TEACHING URBAN HIGH SCHOOL STUDENTS ‘HOW TO LEARN' BOOSTS GRADES
COLUMBUS , Ohio – A new study suggests that before urban high school students learn the “three Rs,” they can benefit by learning a little psychology.
Researchers found that high school students who took a class that taught learning and motivation strategies improved their grade point averages significantly when compared to comparable students at the same high schools who didn't take the class.
In one school, for example, students who took the class had GPAs that were an average of 0.4 points higher than other students for the term.
“The results were pretty impressive given some of the challenging circumstances, such as technology that didn't work smoothly all the time, and the fact that sometimes teachers had trouble keeping their students on task,” said Bruce W. Tuckman, a professor of education at Ohio State University who designed the class.
Tuckman recently presented the results at the annual meeting of the American Educational Research Association.
The class taught students to overcome procrastination, build self-confidence and responsibility, manage their lives, learn from lecture and text and prepare for exams.
“It's basically a psychology course, but we're not teaching students for purely academic reasons. Instead, we're teaching them to put these psychological principles into practice in their own lives,” Tuckman said.
The study involved teaching the class, called “Strategies for School Success,” as a one-term (18 week) course, meeting four hours a week. It was taught at two large, urban high schools in Columbus , and one in Kansas City .
All together, 150 10th to 12th grade students took the course, and they were compared with an equal number of students who didn't take the class. The percentage of African American students in the three high school samples ranged from 55 to 90 percent.
Regular high school teachers taught the class; they were trained by Tuckman and his staff on the conceptual aspects of the course and the use of the required technology.
In one school, course-takers earned a GPA of 2.30 at the end of the term, compared to a GPA of 2.12 for non-takers. In another high school, students who took the course earned a GPA of 2.84, compared to 2.40 for the others. In the third school, course-takers earned 2.80, compared to 2.39 for the comparison students.
The course was modified from a similar “Strategies for Achievement” program that has been successfully taught to college students at Ohio State . An earlier study showed that Ohio State students who took the class had higher GPAs and were more likely to return for their next year of college than similar students who didn't take the class.
The high school class involved teaching the students four basic achievement strategies: taking reasonable risks, taking responsibility for actions, searching the environment for information, and using feedback. Each of the four strategies involved sub-strategies, and were based on well-founded psychological principles, he said.

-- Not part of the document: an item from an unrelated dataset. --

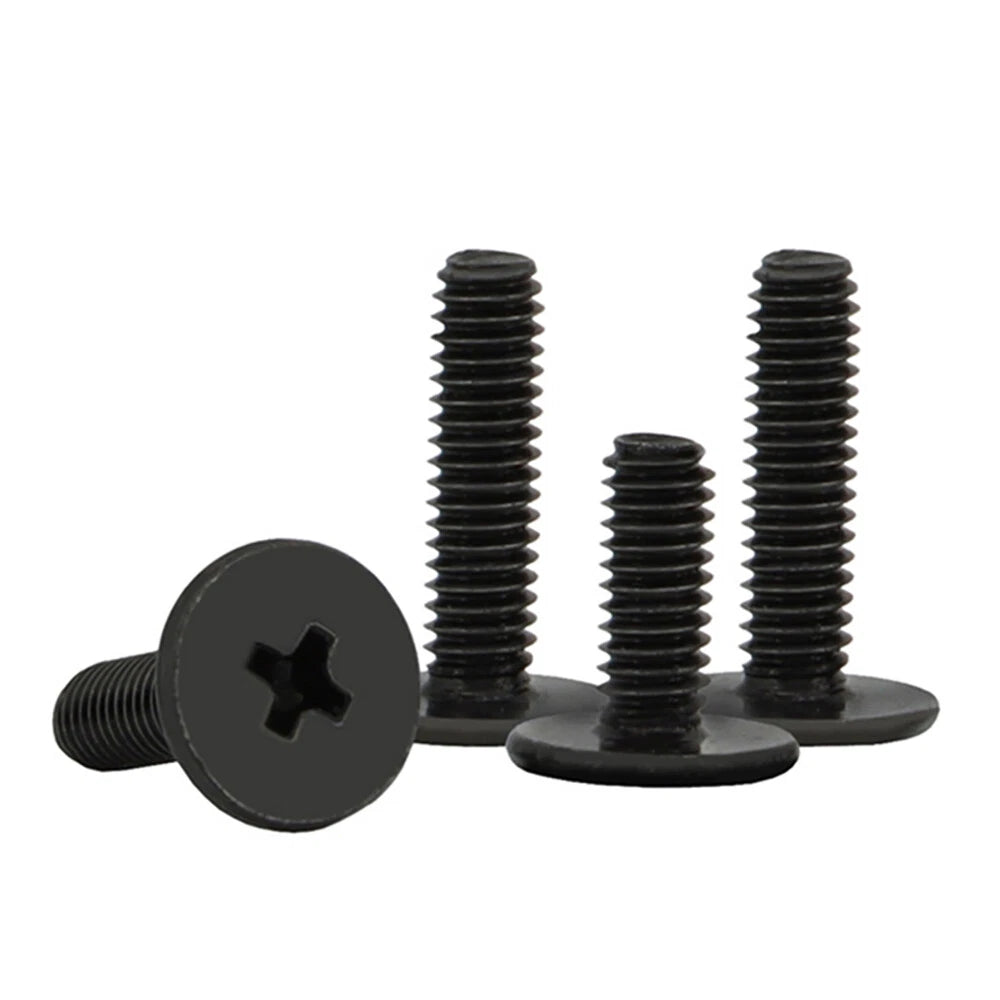 M2 M2.5 M3 M4 Black Zinc Phillips Flat Head Screws – Laptop & Notebook Machine Bolts (3–16mm)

The instructional design of the class is also innovative. The course was taught using a hybrid, web-based instructional model Tuckman developed called “Active Discovery And Participation Through Technology (ADAPT)." This hybrid includes some features of a traditional classroom, such as a textbook and a live instructor. But the students also had more than 200 computer-based activities they had to complete in the class.
Students don't just listen to the teacher lecture, he said. They have assignments to complete on the computer that helps them put into practice what they are learning.
For example, students are taught how to build a time management plan, and then have to create one for themselves on the computer.
“We're not just interested in getting them to acquire new information. We really want them to change their behavior, which is why they spend so much time in class completing assignments on the computer,” he said.
Tuckman said a class like this is important for inner-city students who don't learn the strategies for succeeding in school the way children in more advantaged communities typically do.
“Most of the students we are working with don't have role models who attended college. They don't grow up in environments where they pick up things like how to learn from a teacher's lecture, or how to manage their study time.”
But with the way schools are currently structured, there is currently no way to teach urban students these vital skills.
“When you look at the curriculum, it is divided into subjects – math is a subject, English is a subject and social studies is a subject. But learning how to learn is not a subject,” Tuckman said. “Students need to learn how to learn before they can master any of those subjects.”
The research was funded by a grant from the U.S. Department of Education.